Reproduce each entry exactly as written.
***** Records *****
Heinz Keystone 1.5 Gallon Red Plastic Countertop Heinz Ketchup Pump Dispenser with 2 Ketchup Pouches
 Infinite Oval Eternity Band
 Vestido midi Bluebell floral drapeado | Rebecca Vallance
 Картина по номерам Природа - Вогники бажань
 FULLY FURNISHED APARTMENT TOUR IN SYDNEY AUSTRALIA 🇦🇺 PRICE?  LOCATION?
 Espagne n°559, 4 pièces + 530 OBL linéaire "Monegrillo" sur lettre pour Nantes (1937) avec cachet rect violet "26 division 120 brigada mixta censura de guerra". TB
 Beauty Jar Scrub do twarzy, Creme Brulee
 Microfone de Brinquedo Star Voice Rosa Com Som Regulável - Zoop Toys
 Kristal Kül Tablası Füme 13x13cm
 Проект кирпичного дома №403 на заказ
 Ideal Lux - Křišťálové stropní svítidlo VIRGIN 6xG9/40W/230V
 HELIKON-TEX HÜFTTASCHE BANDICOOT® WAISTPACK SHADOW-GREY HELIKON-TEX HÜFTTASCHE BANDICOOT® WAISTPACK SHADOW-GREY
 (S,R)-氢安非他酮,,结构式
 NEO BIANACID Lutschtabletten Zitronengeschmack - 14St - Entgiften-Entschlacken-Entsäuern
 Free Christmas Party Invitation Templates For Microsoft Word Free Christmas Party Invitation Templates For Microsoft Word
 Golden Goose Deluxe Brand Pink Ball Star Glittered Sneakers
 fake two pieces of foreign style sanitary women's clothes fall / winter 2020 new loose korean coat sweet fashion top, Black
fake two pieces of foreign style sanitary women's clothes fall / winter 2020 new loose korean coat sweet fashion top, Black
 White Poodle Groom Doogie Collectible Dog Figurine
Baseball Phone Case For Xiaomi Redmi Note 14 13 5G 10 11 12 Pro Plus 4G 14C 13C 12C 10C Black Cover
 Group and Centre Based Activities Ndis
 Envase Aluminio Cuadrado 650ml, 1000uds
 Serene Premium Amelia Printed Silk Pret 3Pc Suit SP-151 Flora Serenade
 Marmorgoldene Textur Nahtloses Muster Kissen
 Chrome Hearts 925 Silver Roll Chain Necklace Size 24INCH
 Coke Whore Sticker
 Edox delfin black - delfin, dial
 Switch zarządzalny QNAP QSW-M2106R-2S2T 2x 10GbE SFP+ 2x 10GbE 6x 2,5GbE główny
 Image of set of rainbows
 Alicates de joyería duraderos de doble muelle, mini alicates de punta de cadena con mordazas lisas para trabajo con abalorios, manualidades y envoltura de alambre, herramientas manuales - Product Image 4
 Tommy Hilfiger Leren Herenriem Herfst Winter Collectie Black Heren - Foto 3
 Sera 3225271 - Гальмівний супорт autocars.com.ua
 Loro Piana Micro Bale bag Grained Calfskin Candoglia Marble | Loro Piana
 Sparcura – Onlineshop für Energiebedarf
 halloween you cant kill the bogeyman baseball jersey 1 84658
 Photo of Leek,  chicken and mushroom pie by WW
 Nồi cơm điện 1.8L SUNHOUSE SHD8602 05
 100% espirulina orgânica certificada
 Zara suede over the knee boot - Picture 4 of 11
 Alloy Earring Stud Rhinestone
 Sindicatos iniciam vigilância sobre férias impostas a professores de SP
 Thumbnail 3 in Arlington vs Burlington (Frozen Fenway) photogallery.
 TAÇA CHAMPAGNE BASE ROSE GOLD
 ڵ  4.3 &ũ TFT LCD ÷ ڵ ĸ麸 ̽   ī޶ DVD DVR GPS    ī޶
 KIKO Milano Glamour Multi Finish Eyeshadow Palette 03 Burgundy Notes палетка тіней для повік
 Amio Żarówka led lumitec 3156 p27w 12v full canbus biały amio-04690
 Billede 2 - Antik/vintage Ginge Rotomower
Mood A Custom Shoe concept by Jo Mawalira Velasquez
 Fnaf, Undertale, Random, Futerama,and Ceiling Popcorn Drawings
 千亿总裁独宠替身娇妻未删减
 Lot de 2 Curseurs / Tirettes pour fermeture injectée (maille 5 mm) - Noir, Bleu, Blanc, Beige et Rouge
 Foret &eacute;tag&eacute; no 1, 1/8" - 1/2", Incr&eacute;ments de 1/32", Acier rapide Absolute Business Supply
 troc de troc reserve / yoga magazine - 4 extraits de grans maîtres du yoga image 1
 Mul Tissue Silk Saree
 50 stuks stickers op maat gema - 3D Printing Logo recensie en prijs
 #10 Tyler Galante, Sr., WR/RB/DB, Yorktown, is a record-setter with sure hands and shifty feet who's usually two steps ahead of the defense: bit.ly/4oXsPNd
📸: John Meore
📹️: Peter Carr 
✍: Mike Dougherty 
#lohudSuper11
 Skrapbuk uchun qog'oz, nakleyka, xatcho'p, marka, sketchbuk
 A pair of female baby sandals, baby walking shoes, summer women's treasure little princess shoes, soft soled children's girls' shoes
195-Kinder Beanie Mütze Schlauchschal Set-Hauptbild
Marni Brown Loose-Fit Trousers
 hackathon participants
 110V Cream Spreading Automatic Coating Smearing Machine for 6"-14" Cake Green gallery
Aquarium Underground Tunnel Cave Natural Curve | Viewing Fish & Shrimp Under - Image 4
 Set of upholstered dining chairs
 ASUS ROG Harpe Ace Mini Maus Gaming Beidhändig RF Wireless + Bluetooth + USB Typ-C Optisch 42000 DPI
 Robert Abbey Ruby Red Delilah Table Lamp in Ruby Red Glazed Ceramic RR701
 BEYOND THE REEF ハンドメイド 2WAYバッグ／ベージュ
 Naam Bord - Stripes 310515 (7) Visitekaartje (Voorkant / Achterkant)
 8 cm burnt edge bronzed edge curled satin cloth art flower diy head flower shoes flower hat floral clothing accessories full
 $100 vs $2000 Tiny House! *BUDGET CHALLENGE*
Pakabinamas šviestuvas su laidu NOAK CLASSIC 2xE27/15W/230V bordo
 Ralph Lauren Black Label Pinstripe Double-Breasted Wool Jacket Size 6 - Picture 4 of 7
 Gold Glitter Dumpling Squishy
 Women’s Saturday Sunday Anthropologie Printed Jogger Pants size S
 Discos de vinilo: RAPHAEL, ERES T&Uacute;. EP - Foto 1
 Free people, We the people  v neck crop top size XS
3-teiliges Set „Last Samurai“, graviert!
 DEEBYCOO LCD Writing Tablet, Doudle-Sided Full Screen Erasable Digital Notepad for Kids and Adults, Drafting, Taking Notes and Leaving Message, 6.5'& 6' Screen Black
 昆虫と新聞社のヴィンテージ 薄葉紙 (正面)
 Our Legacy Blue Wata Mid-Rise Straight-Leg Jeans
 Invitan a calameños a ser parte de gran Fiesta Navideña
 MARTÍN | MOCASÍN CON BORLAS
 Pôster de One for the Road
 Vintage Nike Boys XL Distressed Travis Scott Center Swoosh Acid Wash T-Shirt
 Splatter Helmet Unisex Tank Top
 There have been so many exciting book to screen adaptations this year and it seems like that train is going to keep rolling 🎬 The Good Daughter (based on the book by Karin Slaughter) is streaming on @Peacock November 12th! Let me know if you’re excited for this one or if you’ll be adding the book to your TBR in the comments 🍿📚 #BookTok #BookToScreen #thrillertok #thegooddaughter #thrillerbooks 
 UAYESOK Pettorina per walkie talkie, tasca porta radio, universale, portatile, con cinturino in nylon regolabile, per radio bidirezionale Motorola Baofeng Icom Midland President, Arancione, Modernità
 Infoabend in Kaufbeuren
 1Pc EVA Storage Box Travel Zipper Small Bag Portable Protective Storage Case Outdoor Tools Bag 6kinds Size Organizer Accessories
*****
Result »
Heinz Keystone 1.5 Gallon Red Plastic Countertop Heinz Ketchup Pump Dispenser with 2 Ketchup Pouches
 Infinite Oval Eternity Band
 Vestido midi Bluebell floral drapeado | Rebecca Vallance
 Картина по номерам Природа - Вогники бажань
 FULLY FURNISHED APARTMENT TOUR IN SYDNEY AUSTRALIA 🇦🇺 PRICE?  LOCATION?
 Espagne n°559, 4 pièces + 530 OBL linéaire "Monegrillo" sur lettre pour Nantes (1937) avec cachet rect violet "26 division 120 brigada mixta censura de guerra". TB
 Beauty Jar Scrub do twarzy, Creme Brulee
 Microfone de Brinquedo Star Voice Rosa Com Som Regulável - Zoop Toys
 Kristal Kül Tablası Füme 13x13cm
 Проект кирпичного дома №403 на заказ
 Ideal Lux - Křišťálové stropní svítidlo VIRGIN 6xG9/40W/230V
 HELIKON-TEX HÜFTTASCHE BANDICOOT® WAISTPACK SHADOW-GREY HELIKON-TEX HÜFTTASCHE BANDICOOT® WAISTPACK SHADOW-GREY
 (S,R)-氢安非他酮,,结构式
 NEO BIANACID Lutschtabletten Zitronengeschmack - 14St - Entgiften-Entschlacken-Entsäuern
 Free Christmas Party Invitation Templates For Microsoft Word Free Christmas Party Invitation Templates For Microsoft Word
 Golden Goose Deluxe Brand Pink Ball Star Glittered Sneakers
 fake two pieces of foreign style sanitary women's clothes fall / winter 2020 new loose korean coat sweet fashion top, Black
fake two pieces of foreign style sanitary women's clothes fall / winter 2020 new loose korean coat sweet fashion top, Black
 White Poodle Groom Doogie Collectible Dog Figurine
Baseball Phone Case For Xiaomi Redmi Note 14 13 5G 10 11 12 Pro Plus 4G 14C 13C 12C 10C Black Cover
 Group and Centre Based Activities Ndis
 Envase Aluminio Cuadrado 650ml, 1000uds
 Serene Premium Amelia Printed Silk Pret 3Pc Suit SP-151 Flora Serenade
 Marmorgoldene Textur Nahtloses Muster Kissen
 Chrome Hearts 925 Silver Roll Chain Necklace Size 24INCH
 Coke Whore Sticker
 Edox delfin black - delfin, dial
 Switch zarządzalny QNAP QSW-M2106R-2S2T 2x 10GbE SFP+ 2x 10GbE 6x 2,5GbE główny
 Image of set of rainbows
 Alicates de joyería duraderos de doble muelle, mini alicates de punta de cadena con mordazas lisas para trabajo con abalorios, manualidades y envoltura de alambre, herramientas manuales - Product Image 4
 Tommy Hilfiger Leren Herenriem Herfst Winter Collectie Black Heren - Foto 3
 Sera 3225271 - Гальмівний супорт autocars.com.ua
 Loro Piana Micro Bale bag Grained Calfskin Candoglia Marble | Loro Piana
 Sparcura – Onlineshop für Energiebedarf
 halloween you cant kill the bogeyman baseball jersey 1 84658
 Photo of Leek,  chicken and mushroom pie by WW
 Nồi cơm điện 1.8L SUNHOUSE SHD8602 05
 100% espirulina orgânica certificada
 Zara suede over the knee boot - Picture 4 of 11
 Alloy Earring Stud Rhinestone
 Sindicatos iniciam vigilância sobre férias impostas a professores de SP
 Thumbnail 3 in Arlington vs Burlington (Frozen Fenway) photogallery.
 TAÇA CHAMPAGNE BASE ROSE GOLD
 ڵ  4.3 &ũ TFT LCD ÷ ڵ ĸ麸 ̽   ī޶ DVD DVR GPS    ī޶
 KIKO Milano Glamour Multi Finish Eyeshadow Palette 03 Burgundy Notes палетка тіней для повік
 Amio Żarówka led lumitec 3156 p27w 12v full canbus biały amio-04690
 Billede 2 - Antik/vintage Ginge Rotomower
Mood A Custom Shoe concept by Jo Mawalira Velasquez
 Fnaf, Undertale, Random, Futerama,and Ceiling Popcorn Drawings
 千亿总裁独宠替身娇妻未删减
 Lot de 2 Curseurs / Tirettes pour fermeture injectée (maille 5 mm) - Noir, Bleu, Blanc, Beige et Rouge
 Foret &eacute;tag&eacute; no 1, 1/8" - 1/2", Incr&eacute;ments de 1/32", Acier rapide Absolute Business Supply
 troc de troc reserve / yoga magazine - 4 extraits de grans maîtres du yoga image 1
 Mul Tissue Silk Saree
 50 stuks stickers op maat gema - 3D Printing Logo recensie en prijs
 #10 Tyler Galante, Sr., WR/RB/DB, Yorktown, is a record-setter with sure hands and shifty feet who's usually two steps ahead of the defense: bit.ly/4oXsPNd
📸: John Meore
📹️: Peter Carr 
✍: Mike Dougherty 
#lohudSuper11
 Skrapbuk uchun qog'oz, nakleyka, xatcho'p, marka, sketchbuk
 A pair of female baby sandals, baby walking shoes, summer women's treasure little princess shoes, soft soled children's girls' shoes
195-Kinder Beanie Mütze Schlauchschal Set-Hauptbild
Marni Brown Loose-Fit Trousers
 hackathon participants
 110V Cream Spreading Automatic Coating Smearing Machine for 6"-14" Cake Green gallery
Aquarium Underground Tunnel Cave Natural Curve | Viewing Fish & Shrimp Under - Image 4
 Set of upholstered dining chairs
 ASUS ROG Harpe Ace Mini Maus Gaming Beidhändig RF Wireless + Bluetooth + USB Typ-C Optisch 42000 DPI
 Robert Abbey Ruby Red Delilah Table Lamp in Ruby Red Glazed Ceramic RR701
 BEYOND THE REEF ハンドメイド 2WAYバッグ／ベージュ
 Naam Bord - Stripes 310515 (7) Visitekaartje (Voorkant / Achterkant)
 8 cm burnt edge bronzed edge curled satin cloth art flower diy head flower shoes flower hat floral clothing accessories full
 $100 vs $2000 Tiny House! *BUDGET CHALLENGE*
Pakabinamas šviestuvas su laidu NOAK CLASSIC 2xE27/15W/230V bordo
 Ralph Lauren Black Label Pinstripe Double-Breasted Wool Jacket Size 6 - Picture 4 of 7
 Gold Glitter Dumpling Squishy
 Women’s Saturday Sunday Anthropologie Printed Jogger Pants size S
 Discos de vinilo: RAPHAEL, ERES T&Uacute;. EP - Foto 1
 Free people, We the people  v neck crop top size XS
3-teiliges Set „Last Samurai“, graviert!
 DEEBYCOO LCD Writing Tablet, Doudle-Sided Full Screen Erasable Digital Notepad for Kids and Adults, Drafting, Taking Notes and Leaving Message, 6.5'& 6' Screen Black
 昆虫と新聞社のヴィンテージ 薄葉紙 (正面)
 Our Legacy Blue Wata Mid-Rise Straight-Leg Jeans
 Invitan a calameños a ser parte de gran Fiesta Navideña
 MARTÍN | MOCASÍN CON BORLAS
 Pôster de One for the Road
 Vintage Nike Boys XL Distressed Travis Scott Center Swoosh Acid Wash T-Shirt
 Splatter Helmet Unisex Tank Top
 There have been so many exciting book to screen adaptations this year and it seems like that train is going to keep rolling 🎬 The Good Daughter (based on the book by Karin Slaughter) is streaming on @Peacock November 12th! Let me know if you’re excited for this one or if you’ll be adding the book to your TBR in the comments 🍿📚 #BookTok #BookToScreen #thrillertok #thegooddaughter #thrillerbooks 
 UAYESOK Pettorina per walkie talkie, tasca porta radio, universale, portatile, con cinturino in nylon regolabile, per radio bidirezionale Motorola Baofeng Icom Midland President, Arancione, Modernità
 Infoabend in Kaufbeuren
 1Pc EVA Storage Box Travel Zipper Small Bag Portable Protective Storage Case Outdoor Tools Bag 6kinds Size Organizer Accessories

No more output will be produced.